PROBLEM DETAILS:
Please return each entry that follows exactly as given, but without pictures.

[[ ENTRIES SUPPLIED, beginning ]]

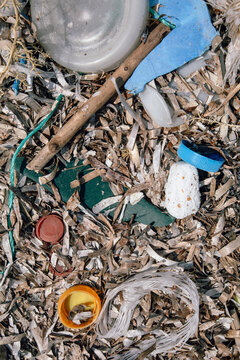 Plastic bottle caps on the beach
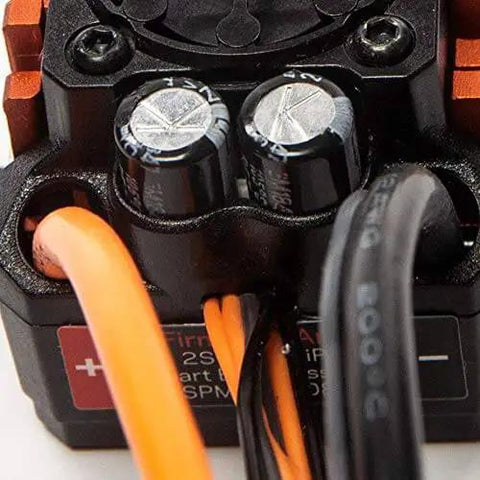 Close-up of the 85A Brushless Smart ESC And 4000Kv Sensorless Motor Combo For RC Cars And Trucks, showing wiring and connectors.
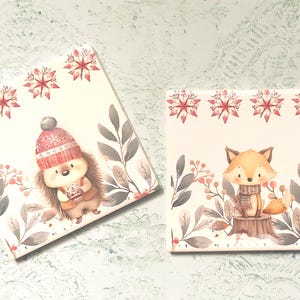 Könnte beinhalten: Zwei quadratische Keramikuntersetzer mit Illustrationen von Waldtieren. Ein Untersetzer zeigt einen Igel mit roter Strickmütze, der andere einen Fuchs mit Schal. Beide haben rote Sternmuster am oberen Rand und graue Blattmotive.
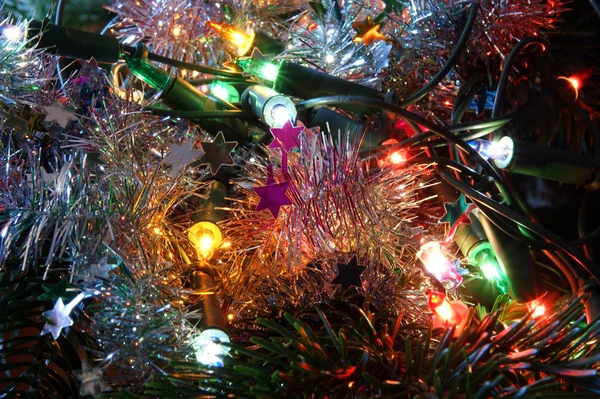 Glowing Christmas electric garland, closeup. — Stock Photo, Image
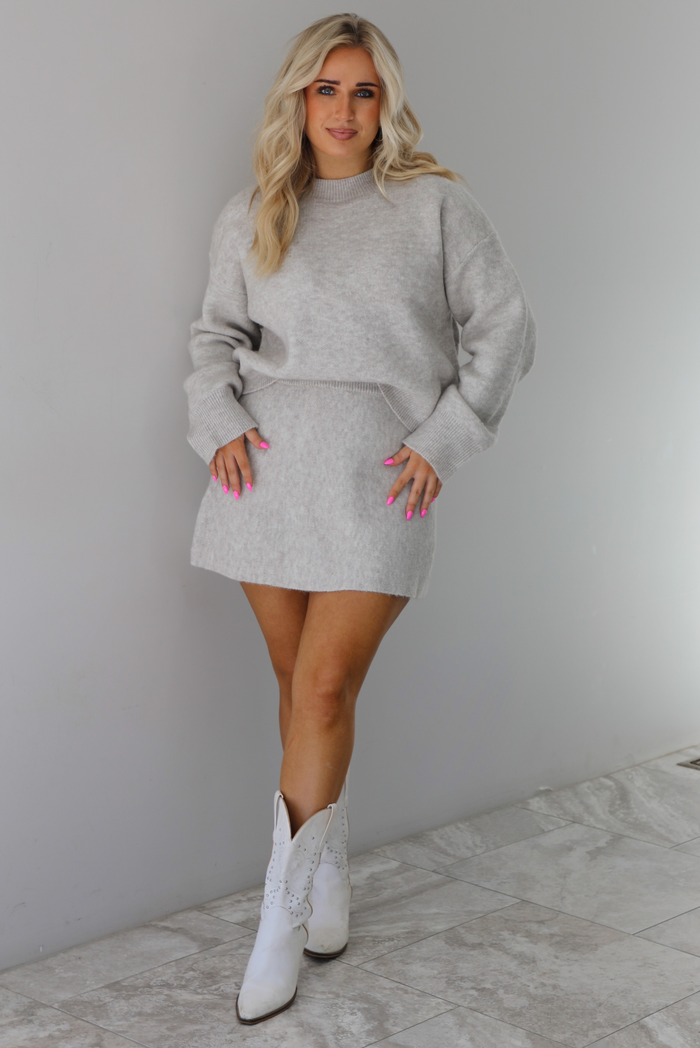 Woman wearing a grey two piece sweater set featuring a high neck sweater and a skirt. The photo is taken indoors against a white wall with white marble flooring. 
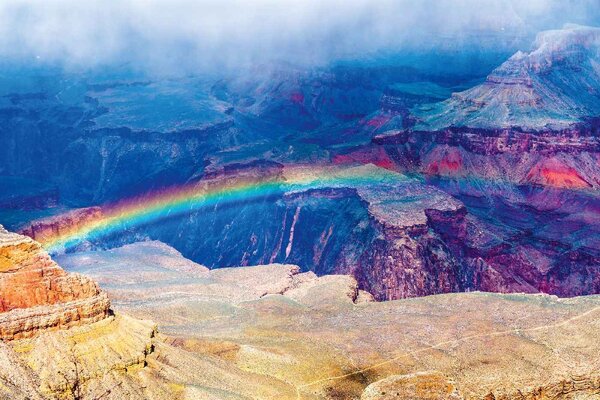DIMEX | Vliesové fototapety na stenu Dúha nad Grand Canyonom MS-5-3022 | 375 x 250 cm | modrá, červená, fialová, žltá, hnedá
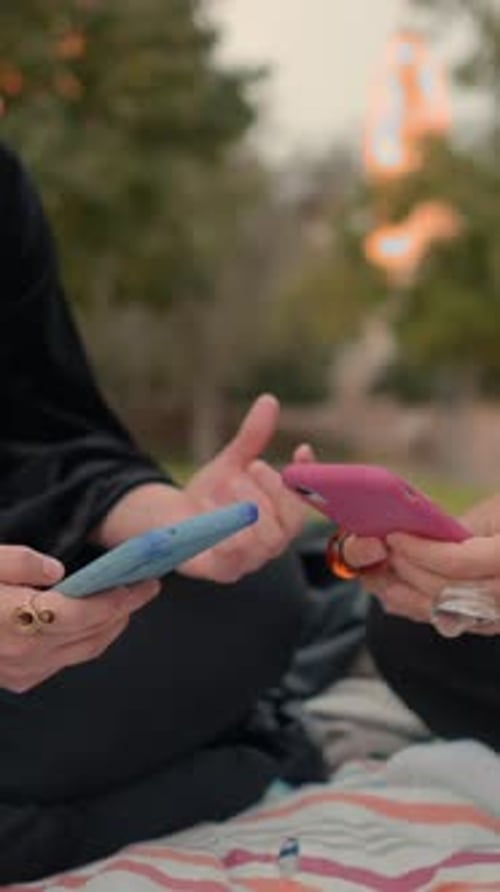 Girls in the Public Park Using Smartphones and Texting on It Close Up View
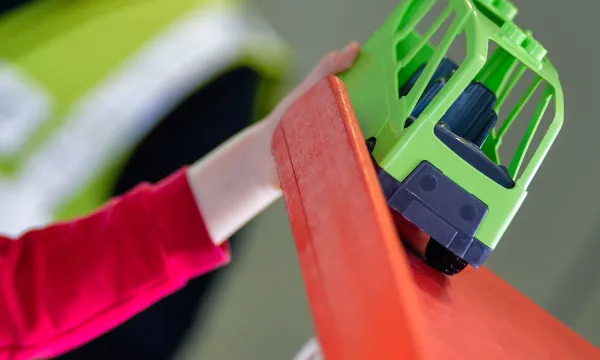 a hand holding a green truck at the top of a red ramp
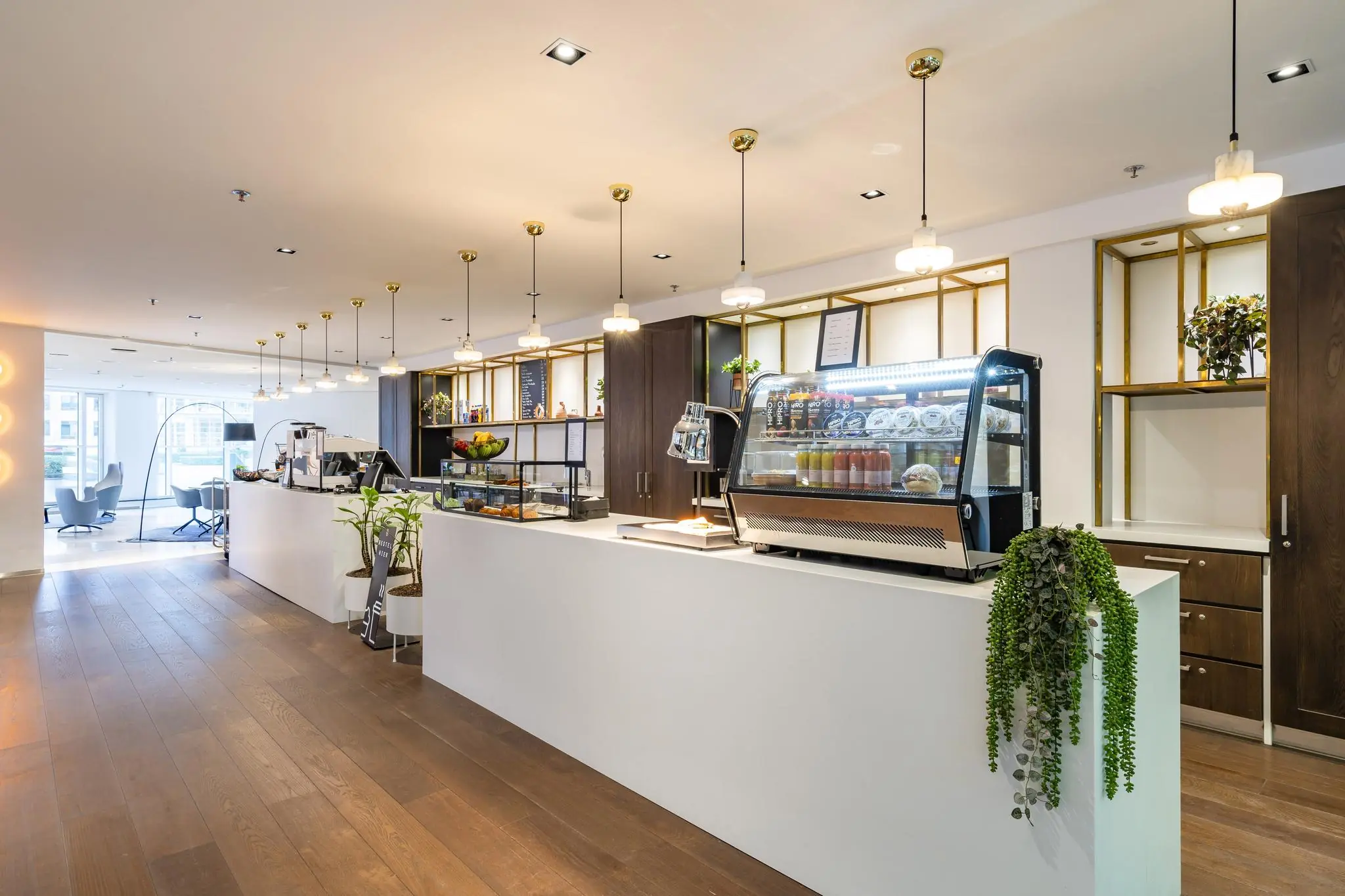 Moderne koffiebar aan de Newtonlaan met een strak interieur, houten vloer en een wit aanrecht met gekoelde vitrine.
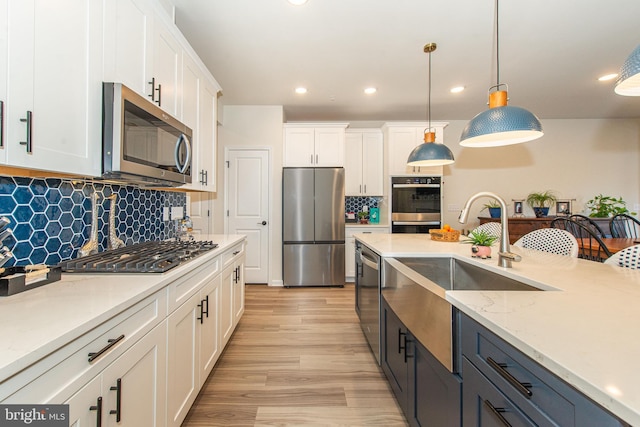 kitchen featuring stainless steel appliances, white cabinets, decorative backsplash, and pendant lighting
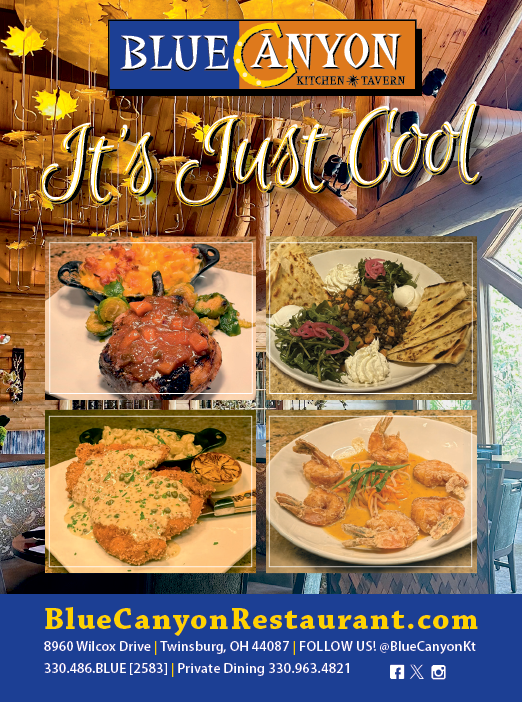 A blue canyon kitchen and tavern sign. Description generated by AI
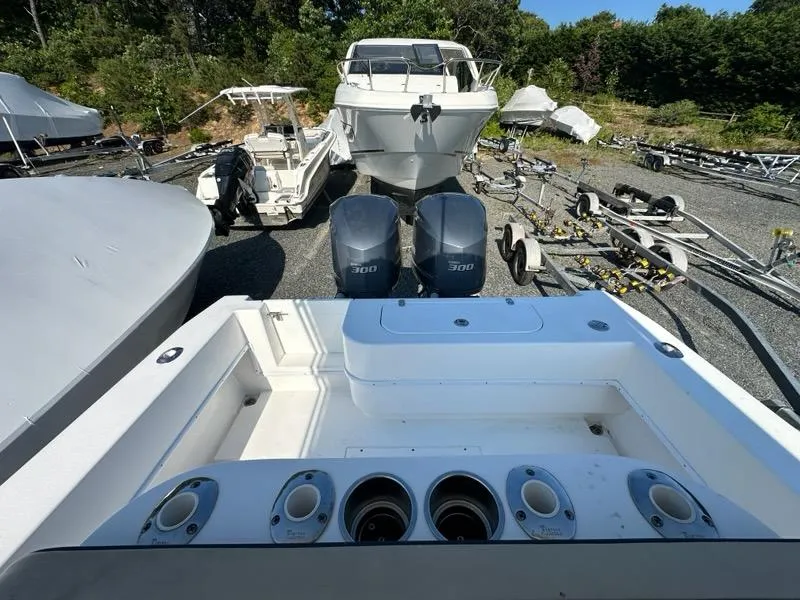 Slide: The Image of 2013 Contender 28 Tournament boat with twin 300 HP engines in a storage yard. - 17
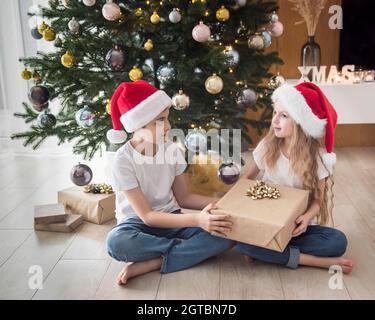 Kinder - ein Junge und ein Mädchen spielen in der Nähe des Weihnachtsbaums. Wohnzimmer mit Weihnachtsbaum und Dekorationen. Neujahr. Geschenk geben. Stockfoto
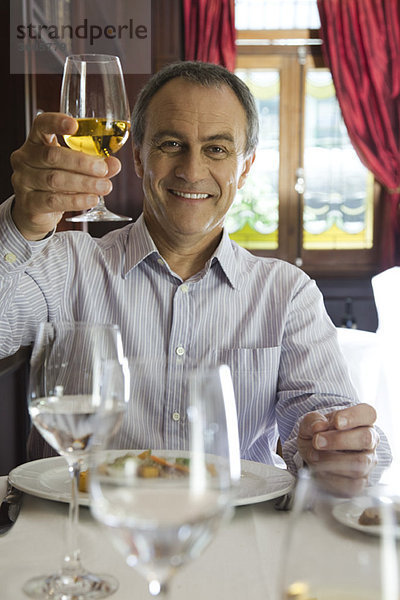 Ein reifer Mann  der ein Glas Wein zum Feiern aufzieht.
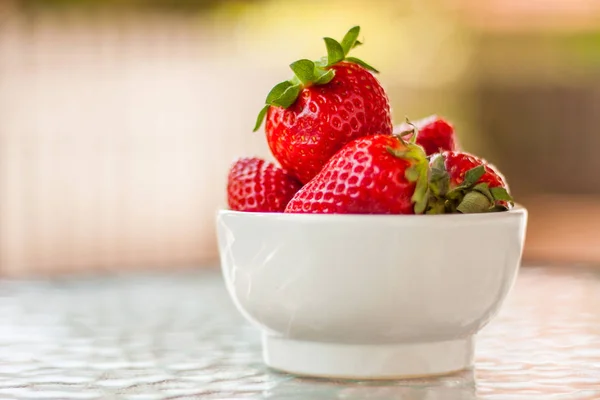 Taze ve tatlı olgun kırmızı çilek İspanya'dan bir masada koyu ahşap açık havada. Sağlıklı yiyecek ya da tatlı bir küçük beyaz seramik kase bir olarak hizmet.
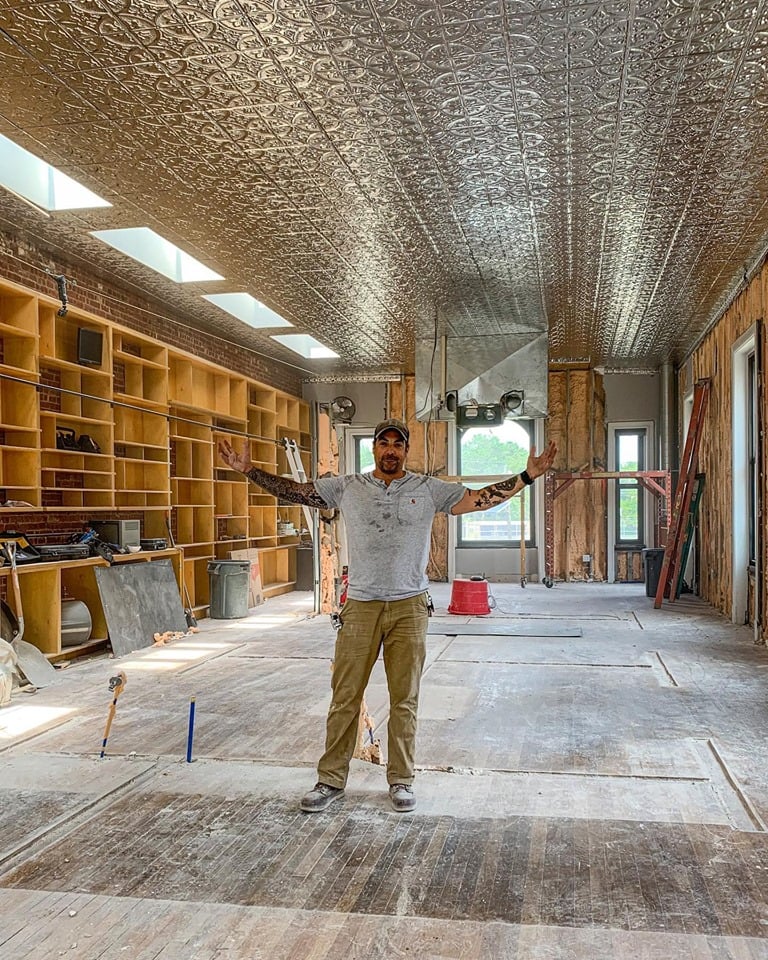 Anthony Carrino stands in his firehouse looking jubilant.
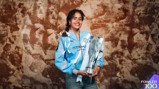 A woman wearing a Manchester City football jersey holding a silver Barclays trophy against a textured brown background.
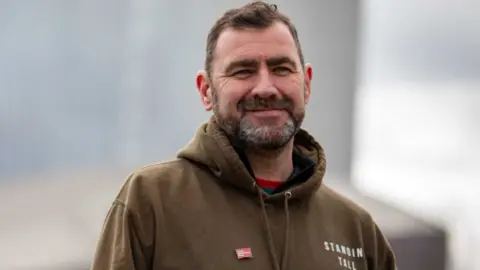 PA Media Man with black and grey beard and dark hair wears a khaki coloured hoody with Standing Tall written on it and a red and white badge which reads the Army Benevolent Fund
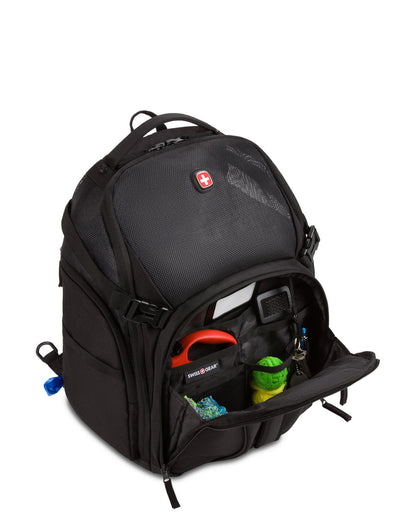 Swiss Gear Premium Pet Backpack, black, front angled view with front zippered pocket open with accessories and toys inside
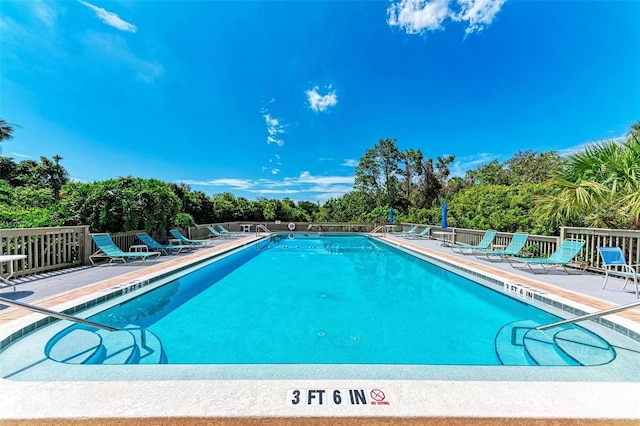 view of pool featuring a patio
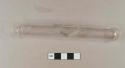 Colorless glass test tube; fragments crossmend, some mended with scotch tape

[[ ENTRIES SUPPLIED, end ]]

REPLY:
 Plastic bottle caps on the beach
 Close-up of the 85A Brushless Smart ESC And 4000Kv Sensorless Motor Combo For RC Cars And Trucks, showing wiring and connectors.
 Könnte beinhalten: Zwei quadratische Keramikuntersetzer mit Illustrationen von Waldtieren. Ein Untersetzer zeigt einen Igel mit roter Strickmütze, der andere einen Fuchs mit Schal. Beide haben rote Sternmuster am oberen Rand und graue Blattmotive.
 Glowing Christmas electric garland, closeup. — Stock Photo, Image
 Woman wearing a grey two piece sweater set featuring a high neck sweater and a skirt. The photo is taken indoors against a white wall with white marble flooring. 
DIMEX | Vliesové fototapety na stenu Dúha nad Grand Canyonom MS-5-3022 | 375 x 250 cm | modrá, červená, fialová, žltá, hnedá
 Girls in the Public Park Using Smartphones and Texting on It Close Up View
 a hand holding a green truck at the top of a red ramp
 Moderne koffiebar aan de Newtonlaan met een strak interieur, houten vloer en een wit aanrecht met gekoelde vitrine.
 kitchen featuring stainless steel appliances, white cabinets, decorative backsplash, and pendant lighting
 A blue canyon kitchen and tavern sign. Description generated by AI
 Slide: The Image of 2013 Contender 28 Tournament boat with twin 300 HP engines in a storage yard. - 17
 Kinder - ein Junge und ein Mädchen spielen in der Nähe des Weihnachtsbaums. Wohnzimmer mit Weihnachtsbaum und Dekorationen. Neujahr. Geschenk geben. Stockfoto
 Ein reifer Mann  der ein Glas Wein zum Feiern aufzieht.
 Taze ve tatlı olgun kırmızı çilek İspanya'dan bir masada koyu ahşap açık havada. Sağlıklı yiyecek ya da tatlı bir küçük beyaz seramik kase bir olarak hizmet.
 Anthony Carrino stands in his firehouse looking jubilant.
 A woman wearing a Manchester City football jersey holding a silver Barclays trophy against a textured brown background.
 PA Media Man with black and grey beard and dark hair wears a khaki coloured hoody with Standing Tall written on it and a red and white badge which reads the Army Benevolent Fund
 Swiss Gear Premium Pet Backpack, black, front angled view with front zippered pocket open with accessories and toys inside
 view of pool featuring a patio
 Colorless glass test tube; fragments crossmend, some mended with scotch tape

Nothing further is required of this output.